TASK TO CARRY OUT: Nothing but the data below, returned exactly, should appear in the answer.

☆ ☆ ☆ ☆ ☆ ☆ ☆

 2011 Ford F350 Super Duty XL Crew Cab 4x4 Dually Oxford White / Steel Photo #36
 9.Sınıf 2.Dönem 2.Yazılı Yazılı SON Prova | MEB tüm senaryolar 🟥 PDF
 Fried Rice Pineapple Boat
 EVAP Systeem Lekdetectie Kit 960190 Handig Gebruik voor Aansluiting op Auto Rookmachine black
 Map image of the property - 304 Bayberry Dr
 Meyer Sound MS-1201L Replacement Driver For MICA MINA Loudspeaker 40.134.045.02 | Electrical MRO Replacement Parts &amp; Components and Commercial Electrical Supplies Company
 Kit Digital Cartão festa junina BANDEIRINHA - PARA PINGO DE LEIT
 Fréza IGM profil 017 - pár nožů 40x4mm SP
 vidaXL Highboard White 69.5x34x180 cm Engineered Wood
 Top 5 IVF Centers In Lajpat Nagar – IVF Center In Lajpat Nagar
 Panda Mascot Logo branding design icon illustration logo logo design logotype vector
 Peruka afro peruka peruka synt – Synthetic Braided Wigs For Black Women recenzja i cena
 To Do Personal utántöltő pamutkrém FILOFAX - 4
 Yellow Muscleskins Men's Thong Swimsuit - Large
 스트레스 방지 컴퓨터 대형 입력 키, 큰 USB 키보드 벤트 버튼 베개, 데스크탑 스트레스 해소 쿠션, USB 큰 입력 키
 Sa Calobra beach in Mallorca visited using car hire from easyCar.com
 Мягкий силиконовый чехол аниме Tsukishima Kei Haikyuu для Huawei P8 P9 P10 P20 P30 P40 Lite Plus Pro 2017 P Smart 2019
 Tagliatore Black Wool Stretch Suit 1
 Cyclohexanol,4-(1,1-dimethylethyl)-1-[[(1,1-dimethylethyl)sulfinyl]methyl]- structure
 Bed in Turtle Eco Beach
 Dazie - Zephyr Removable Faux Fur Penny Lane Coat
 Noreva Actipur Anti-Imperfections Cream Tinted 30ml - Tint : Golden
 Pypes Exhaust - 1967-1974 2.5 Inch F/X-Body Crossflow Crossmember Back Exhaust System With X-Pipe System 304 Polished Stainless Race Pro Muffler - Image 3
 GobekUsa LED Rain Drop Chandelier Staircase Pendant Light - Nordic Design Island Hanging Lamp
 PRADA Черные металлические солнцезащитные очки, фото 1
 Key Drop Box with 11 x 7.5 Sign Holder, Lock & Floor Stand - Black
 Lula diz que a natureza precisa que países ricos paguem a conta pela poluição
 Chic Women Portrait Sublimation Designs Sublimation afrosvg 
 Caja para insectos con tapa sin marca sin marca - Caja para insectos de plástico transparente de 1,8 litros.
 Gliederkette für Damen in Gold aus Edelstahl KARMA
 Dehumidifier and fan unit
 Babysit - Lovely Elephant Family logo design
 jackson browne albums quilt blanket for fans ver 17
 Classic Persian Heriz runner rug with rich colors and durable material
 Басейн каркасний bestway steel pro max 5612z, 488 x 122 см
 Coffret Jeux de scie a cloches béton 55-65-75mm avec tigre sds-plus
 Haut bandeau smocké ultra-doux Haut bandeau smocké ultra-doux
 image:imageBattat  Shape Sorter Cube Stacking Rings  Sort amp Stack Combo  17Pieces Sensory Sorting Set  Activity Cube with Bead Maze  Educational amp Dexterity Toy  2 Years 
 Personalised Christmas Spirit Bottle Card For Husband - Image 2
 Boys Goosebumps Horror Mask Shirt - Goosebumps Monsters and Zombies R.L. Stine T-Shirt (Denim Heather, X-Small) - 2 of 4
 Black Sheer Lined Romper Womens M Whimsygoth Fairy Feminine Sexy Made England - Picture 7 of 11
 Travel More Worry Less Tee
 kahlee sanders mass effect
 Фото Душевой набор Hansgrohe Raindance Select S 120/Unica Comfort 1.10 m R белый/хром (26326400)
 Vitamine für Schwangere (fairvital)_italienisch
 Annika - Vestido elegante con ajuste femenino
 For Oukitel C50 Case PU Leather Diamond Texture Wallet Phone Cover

☆ ☆ ☆ ☆ ☆ ☆ ☆

RESPONSE TO THE EXERCISE:
 2011 Ford F350 Super Duty XL Crew Cab 4x4 Dually Oxford White / Steel Photo #36
 9.Sınıf 2.Dönem 2.Yazılı Yazılı SON Prova | MEB tüm senaryolar 🟥 PDF
 Fried Rice Pineapple Boat
 EVAP Systeem Lekdetectie Kit 960190 Handig Gebruik voor Aansluiting op Auto Rookmachine black
 Map image of the property - 304 Bayberry Dr
 Meyer Sound MS-1201L Replacement Driver For MICA MINA Loudspeaker 40.134.045.02 | Electrical MRO Replacement Parts &amp; Components and Commercial Electrical Supplies Company
 Kit Digital Cartão festa junina BANDEIRINHA - PARA PINGO DE LEIT
 Fréza IGM profil 017 - pár nožů 40x4mm SP
 vidaXL Highboard White 69.5x34x180 cm Engineered Wood
 Top 5 IVF Centers In Lajpat Nagar – IVF Center In Lajpat Nagar
 Panda Mascot Logo branding design icon illustration logo logo design logotype vector
 Peruka afro peruka peruka synt – Synthetic Braided Wigs For Black Women recenzja i cena
 To Do Personal utántöltő pamutkrém FILOFAX - 4
 Yellow Muscleskins Men's Thong Swimsuit - Large
 스트레스 방지 컴퓨터 대형 입력 키, 큰 USB 키보드 벤트 버튼 베개, 데스크탑 스트레스 해소 쿠션, USB 큰 입력 키
 Sa Calobra beach in Mallorca visited using car hire from easyCar.com
 Мягкий силиконовый чехол аниме Tsukishima Kei Haikyuu для Huawei P8 P9 P10 P20 P30 P40 Lite Plus Pro 2017 P Smart 2019
 Tagliatore Black Wool Stretch Suit 1
 Cyclohexanol,4-(1,1-dimethylethyl)-1-[[(1,1-dimethylethyl)sulfinyl]methyl]- structure
 Bed in Turtle Eco Beach
 Dazie - Zephyr Removable Faux Fur Penny Lane Coat
 Noreva Actipur Anti-Imperfections Cream Tinted 30ml - Tint : Golden
 Pypes Exhaust - 1967-1974 2.5 Inch F/X-Body Crossflow Crossmember Back Exhaust System With X-Pipe System 304 Polished Stainless Race Pro Muffler - Image 3
 GobekUsa LED Rain Drop Chandelier Staircase Pendant Light - Nordic Design Island Hanging Lamp
 PRADA Черные металлические солнцезащитные очки, фото 1
 Key Drop Box with 11 x 7.5 Sign Holder, Lock & Floor Stand - Black
 Lula diz que a natureza precisa que países ricos paguem a conta pela poluição
 Chic Women Portrait Sublimation Designs Sublimation afrosvg 
 Caja para insectos con tapa sin marca sin marca - Caja para insectos de plástico transparente de 1,8 litros.
 Gliederkette für Damen in Gold aus Edelstahl KARMA
 Dehumidifier and fan unit
 Babysit - Lovely Elephant Family logo design
 jackson browne albums quilt blanket for fans ver 17
 Classic Persian Heriz runner rug with rich colors and durable material
 Басейн каркасний bestway steel pro max 5612z, 488 x 122 см
 Coffret Jeux de scie a cloches béton 55-65-75mm avec tigre sds-plus
 Haut bandeau smocké ultra-doux Haut bandeau smocké ultra-doux
 image:imageBattat  Shape Sorter Cube Stacking Rings  Sort amp Stack Combo  17Pieces Sensory Sorting Set  Activity Cube with Bead Maze  Educational amp Dexterity Toy  2 Years 
 Personalised Christmas Spirit Bottle Card For Husband - Image 2
 Boys Goosebumps Horror Mask Shirt - Goosebumps Monsters and Zombies R.L. Stine T-Shirt (Denim Heather, X-Small) - 2 of 4
 Black Sheer Lined Romper Womens M Whimsygoth Fairy Feminine Sexy Made England - Picture 7 of 11
 Travel More Worry Less Tee
 kahlee sanders mass effect
 Фото Душевой набор Hansgrohe Raindance Select S 120/Unica Comfort 1.10 m R белый/хром (26326400)
 Vitamine für Schwangere (fairvital)_italienisch
 Annika - Vestido elegante con ajuste femenino
 For Oukitel C50 Case PU Leather Diamond Texture Wallet Phone Cover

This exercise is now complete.